Le spese delle Regioni concorrono a comporre l'insieme del debito pubblico dello Sato. Il contributo al buco di bilancio è però diverso da Regione a Regione. Emilia-Romagna, Veneto, Toscana, Marche e Piemonte hanno un debito/PIL intorno all'80%, migliore di quello tedesco. Tutte le Regioni del Sud hanno un debito/PIL nell'intorno del 230% (Puglia compresa) con punte del 300% (Calabria). Non prendo questi numeri come oro colato perché sono condizionati da molti fattori a cominciare dalle grandi differenze di ricchezza (PIL) tra Nord e Sud. Sono però anche indicativi dell'inefficienza storia delle spesa nelle Regioni meridionali. Come faceva notare Isaia Sales nel suo articolo, è la natura stessa della spesa regionale e le sue finalità che hanno contribuito ad approfondire le differenze. Le Regioni del Nord hanno investito in servizi sociali e civili (ospedali, asili nido) ed infrastrutture (strade, treni, comunicazione) che hanno offerto al tessuto produttivo gli strumenti per crescere.
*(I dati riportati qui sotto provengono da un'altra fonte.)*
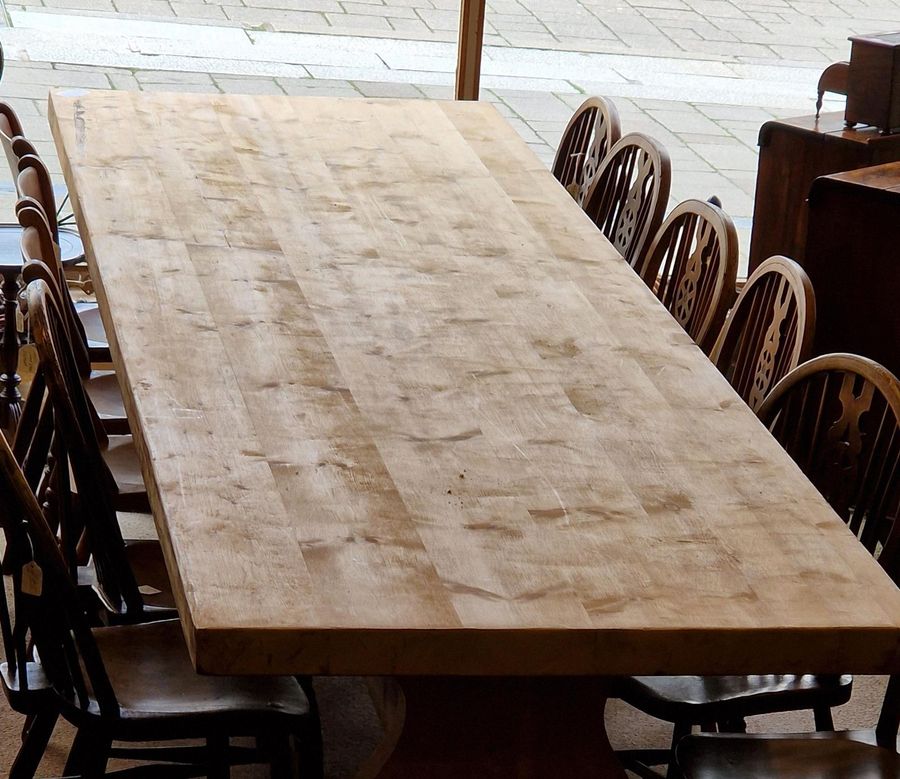 Antique Traditional Large Pine Refectory Table - Early 20th Century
Le Regioni del Sud, invece, hanno commesso il grave errore strategico di voler inseguire (per usare le parole di Sales) fantasiosi e velleitari programmi di sviluppo regionali, privilegiando politiche regionali di occupazione spesso fallimentari (e quasi sempre clientelari) trascurando gli investimenti in infrastrutture e servizi. Quelle infrastrutture e quei servizi che oggi mancano in Salento e senza i quali i turisti difficilmente torneranno.
Usando come argomento il grande divario nella qualità della spesa pubblica regionale, Il Veneto si è spinto a chiedere la gestione in proprio ben 23 materie concorrenti trattenendo 9/10 della fiscalità regionale per finanziarle. Lombardia ed Emilia-Romagna seguono a ruota. Vista la congiuntura politica favorevole alla realizzazione delle autonomie con una Ministra per gli Affari Regionali e le Autonomie (Mirka Stefani) veneta e fervente leghista è molto probabile che l'operazione vada in porto. La Puglia di Emiliano vuole seguire l'esempio del Veneto e negoziare con Roma una maggiore autonomia. Se questo significherà più assunzione di responsabilità della politica regionale e un cambiamento di rotta nella realizzazione - anche in Salento - di quegli investimenti in infrastrutture mai fatti fino ad ora, bene. Se la Puglia si fermerà ancora una volta a Bari come è stato per l'elettrificazione della linea ferroviaria o il doppio binario per i treni veloci, allora non sarebbe così assurdo ripensare l'organizzazione amministrativa del territorio magari tornando all'idea del Grande Salento.